8.13 To the extent that the CPA applies to any sale and the Supplier is unable to deliver the Products for any reason other than the shortage of stock, the Supplier will notify the Purchaser immediately, where after the Purchaser will be entitled to cancel the sale relating to those Products at any time after receiving this notice in which event the Supplier will refund any payment which the Purchaser has already made within 30 days of the date of this notice.


9.1 Payment shall be made in the quoted currency defined in the ‘commercial contract’ or such currency as is agreed in writing by the Supplier. Payment of the price shall be due 30 days from the date of the Supplier’s statement except as otherwise agreed in writing.
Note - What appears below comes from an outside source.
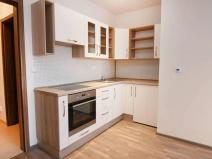 Pronájem bytu 1+kk, Kolín, Václavská, 29 m2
The Supplier shall invoice the Products on dispatch from the Supplier’s premises.

9.2 The Purchaser and Supplier will agree on relevant INCO and payments terms and execute accordingly.

9.3 The Purchaser shall be responsible for complying with any legislation or regulations governing the importation of the Products into the country of destination and for the payment of any duties on the Products.

9.4 Unless otherwise agreed in writing between the Purchaser and the Supplier, the Products shall be delivered Ex Works or FOB at the option of the Supplier (as those terms are defined in Incoterms) and the Supplier shall be under no obligation to give any notice.

9.5 The Purchaser is responsible for arranging for testing and inspection of the Products upon receipt. The Supplier shall have no liability for any claim in respect of any defect in the Products which would be apparent on inspection and which is made after shipment, or in respect of any damage during transit.


10.1 Notwithstanding that all risk in and to all Products sold by the Supplier shall pass on delivery, ownership in all Products sold and delivered shall remain vested in the Supplier until the full purchase price has been paid and in the event of a breach of these terms and conditions by the Purchaser, or if the Purchaser is sequestrated or placed under liquidation or judicial management or commits any act of insolvency or enters into any compromise with its creditors or fails to satisfy a judgment granted against it within 7 (seven) days of the date of judgment or changes the structure of its ownership, the Supplier shall be entitled to take possession of the Products without prejudice to any further rights vested in the Supplier, and is hereby irrevocably authorised to enter upon the Purchaser’s premises to take possession of such Products without a Court order.

10.2 In the event of the Purchaser suffering any civil judgement being taken or entered against it or committing an act of insolvency in terms of the Insolvency Act 24 of 1936, as amended from time to time or being placed under business rescue proceedings, sequestration, liquidation or judicial management, whether provisional or final, or entering into a compromise with its creditors, or dying, the Supplier shall, without prejudice to any other remedies that it has available to it, be entitled to summarily cancel the supply of any products to the Purchaser which have not been paid for and/or claim specific performance of all the Purchaser’s obligations whether or not such obligations have fallen due for performance, in all events without prejudice to the Supplier’s right to claim damages.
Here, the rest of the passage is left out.